Rainy, gray-gloomy day. News across Turtle Island of white supremacist attacks and even murder as well as white supremacist infrastructure readying its brutal, annihilationist power. Politicians on all sides, from “moderates” to Michigan’s already-cruel governor Rick Snyder, urge support for Trump or to at least give him a chance; liberals and progressives, too, mouth similar sentiments, coded as “it’ll be better in four years.” People hang onto the already-torn thread of “rights” and “rule of law”; they cling to safety pins, electoral counts and electoral college, or greeting-card platitudes of “love not hate.”
Fascism doesn’t slow down for such niceties. It tramples forward, boots crushing all in its way, boldly declaring egregious intentions as test to see what resistance appears — and when some, but not nearly enough, people become “antifa,” fascistic forces smile in the knowledge that far more egregious acts will be possible.

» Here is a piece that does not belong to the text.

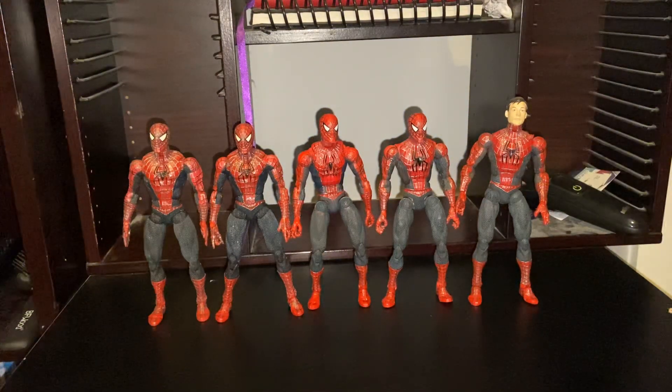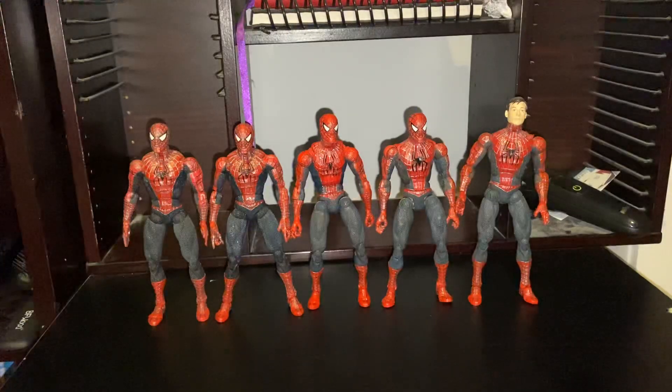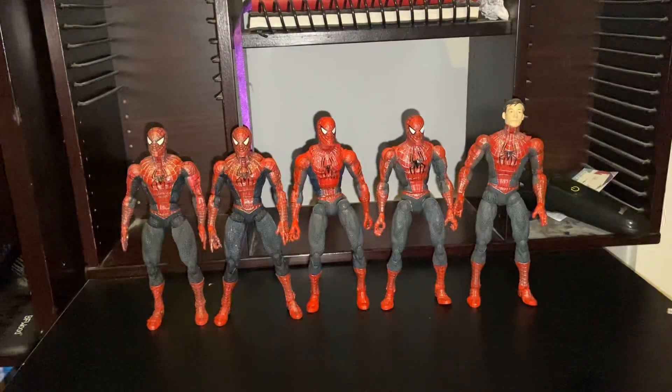Hey guys, welcome back to another video. My name is Kieran. Before I kick off the video, I just want to apologize for the background — it's not set up at all. I don't really have a distinct place to film these YouTube videos because I don't do them often enough to build a whole set. I do apologize for that.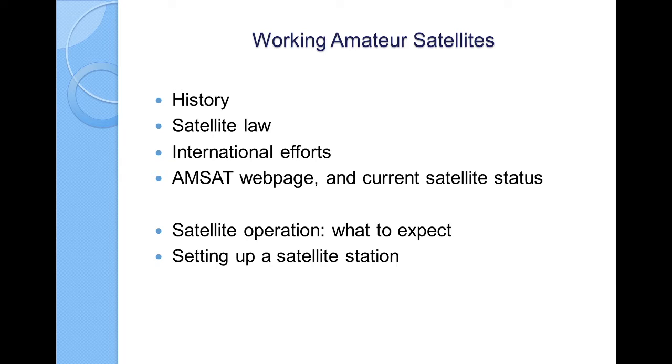Hello and welcome to Working Amateur Satellites. I'd like to give you some information about how the satellites operate, what you can expect when you're on the air, and hopefully kick off a little interest and get as many people as possible to play this game. I think they're great fun and I would like to see lots more people doing it.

To remain resistance fighter, one can’t rely on hope or slogan. One has to look harder for and also engage in rebel gestures — community and rapid response teams; grassroots self-defense classes for those most targeted; DIY trainings in cyber security, direct action, and medic skills; sanctuary that will completely evade all police, ICE and fed/state/local; and so many subterranean, imaginative means toward the end of saving lives and protecting the earth.
Everyone who fears and decries the coming storm that is already here has to invent, self-organize, and throw themselves into such gestures — the fabric of a solidarity that can, if widespread, contest all that neofascist white supremacy has in store for the majority of humanity. We are more, in numbers and heart, but only if we act collectively for freedom.
Today, with less faith in that than I’d like, I saw this new #ArtOfResistance in SW Detroit. It’s not enough on its own, and not radical enough in its message (for most of us are or will soon be illegal, and need to proudly stick by each other, glad that we are misfits to the unjustness of the regime’s laws), but a bright spot in a thoroughly bleak time nonetheless.